>>

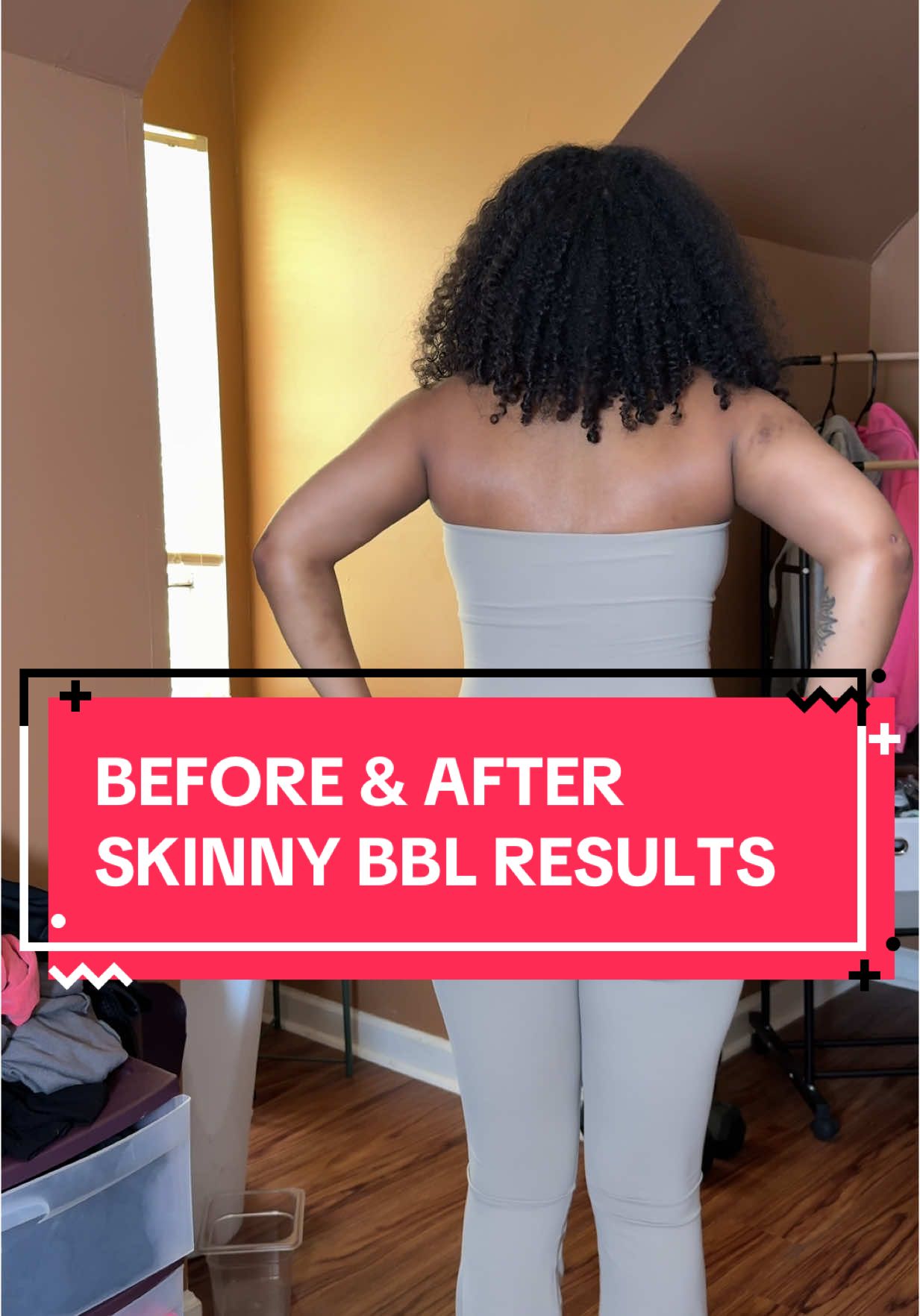 first of all I can’t believe it’s been 4 weeks… secondly I’m so in love with my results so far. It looks like I was born with it 🥰 one of the things I disliked the most was seeing myself from the back in videos. I wanted to be in love with my walk away and now I know I can be. Be mindful we haven’t even fluffed out yet 🥵 #fyp #bbl #bblrecovery #skinnybbl #lipo360 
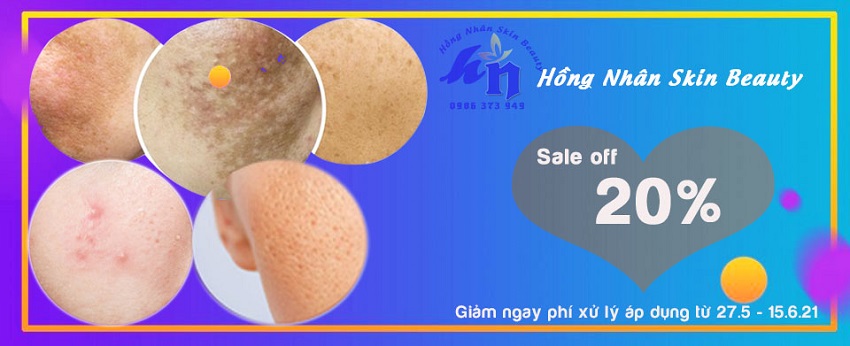 sale 1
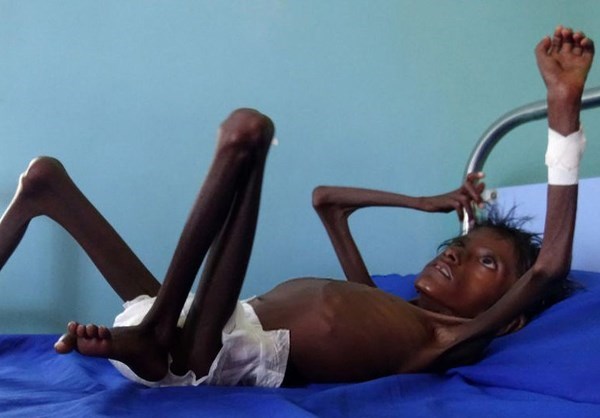 Humanitarian Crisis in Yemen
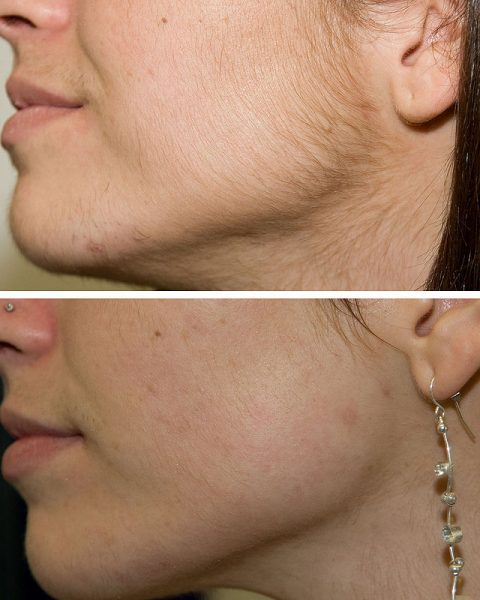 Шугаринг на лице: до и после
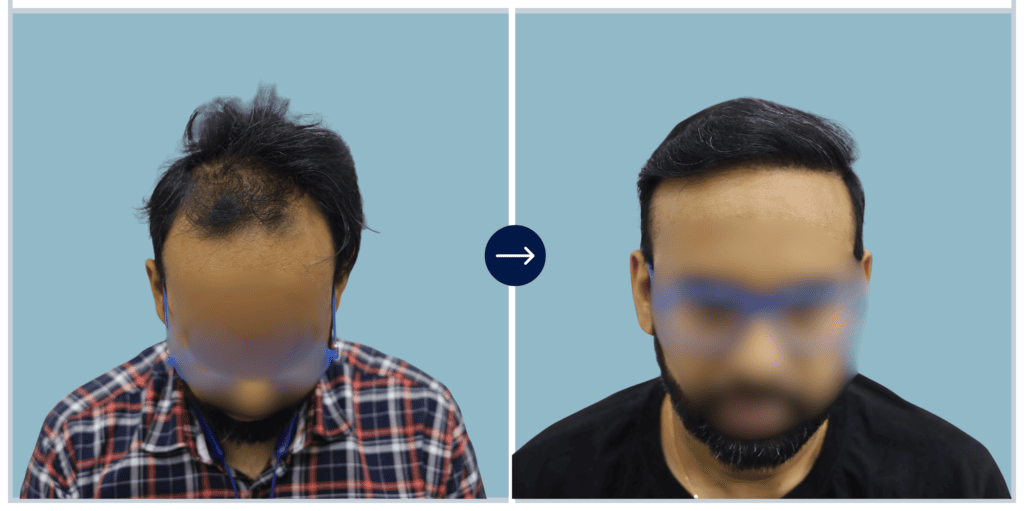 Results - Alloroots Hair Transplant Clinic - India's Best Hair Transplant Services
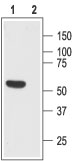 Western blot analysis of rat brain lysate: 1. Anti-Somatostatin Receptor Type 1 (extracellular) antibody (#AG1021), (1:200). 2. Anti-Somatostatin Receptor Type 1 (extracellular) antibody, preincubated with the control peptide antigen.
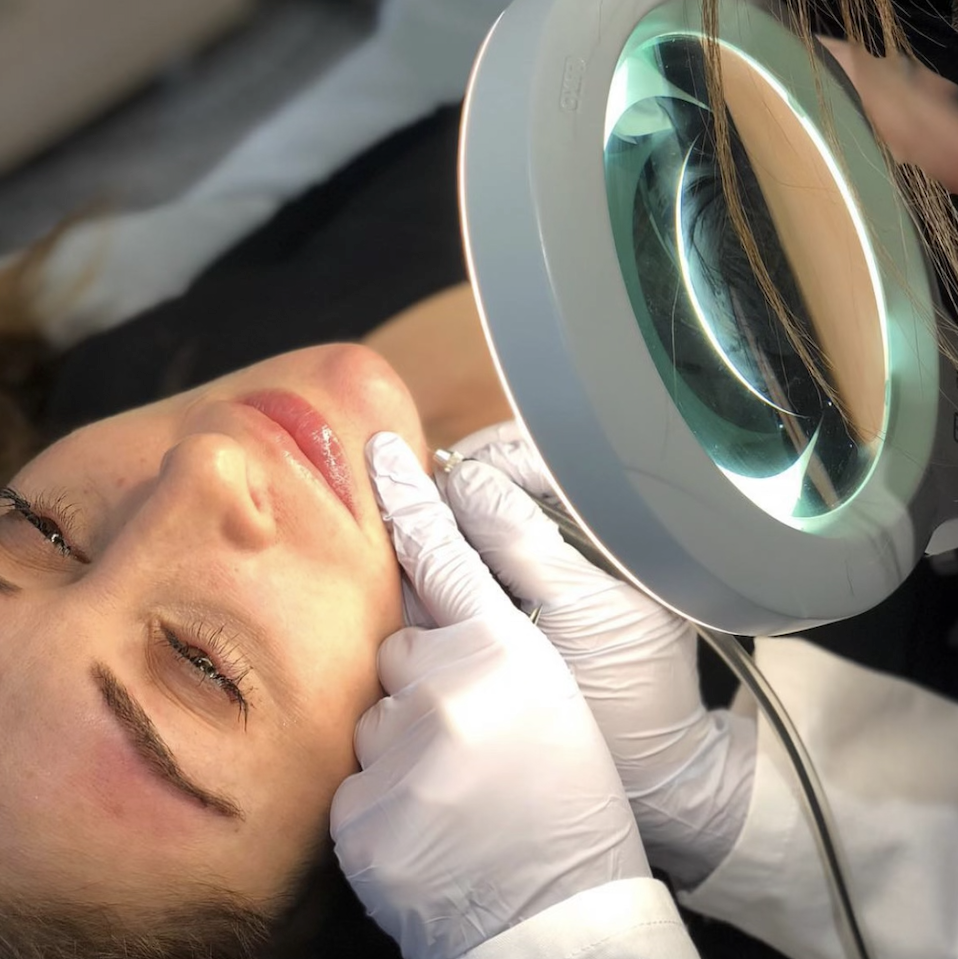 Photo of Electrolysis hair removal being performed on chin of a young lady.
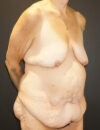 Tummy Tuck case #3970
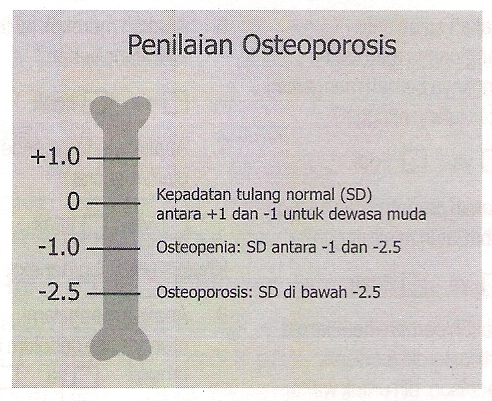 Mau Sehat: Tes kepadatan tulang Mau Sehat: Tes kepadatan tulang
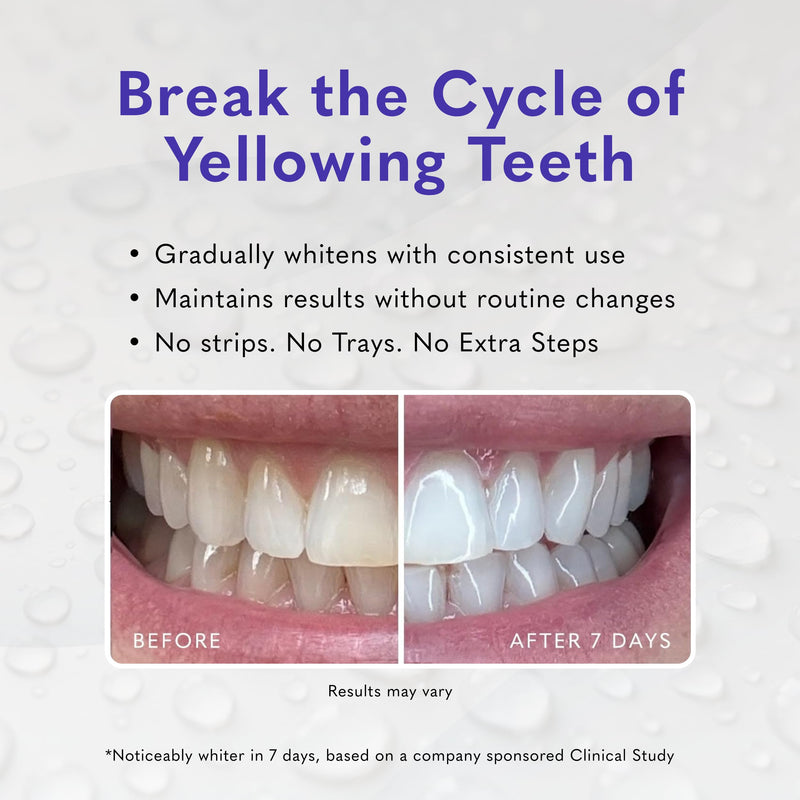 Smileactives Teeth Whitening Gel, Hydrogen Peroxide, Add to Toothpaste | Removes Coffee Stains & Discoloration, Long-Lasting Results, Whiter Smile 2 Ounce (Pack of 1)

<<

= What is needed =
Copy only the lines above from the one containing "Шугаринг на лице: до и после" through the one containing "Results - Alloroots", both included. Leave out the pictures.

= Result =
 Шугаринг на лице: до и после
 Results - Alloroots Hair Transplant Clinic - India's Best Hair Transplant Services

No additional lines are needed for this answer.